■ **Task description**
All the data should come back exactly as it was given.

■ **Exercise data**
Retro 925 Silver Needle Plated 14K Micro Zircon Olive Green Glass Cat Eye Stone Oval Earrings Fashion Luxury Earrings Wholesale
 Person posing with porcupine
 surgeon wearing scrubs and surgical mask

■ **Answer for this exercise**
Retro 925 Silver Needle Plated 14K Micro Zircon Olive Green Glass Cat Eye Stone Oval Earrings Fashion Luxury Earrings Wholesale
 Person posing with porcupine
 surgeon wearing scrubs and surgical mask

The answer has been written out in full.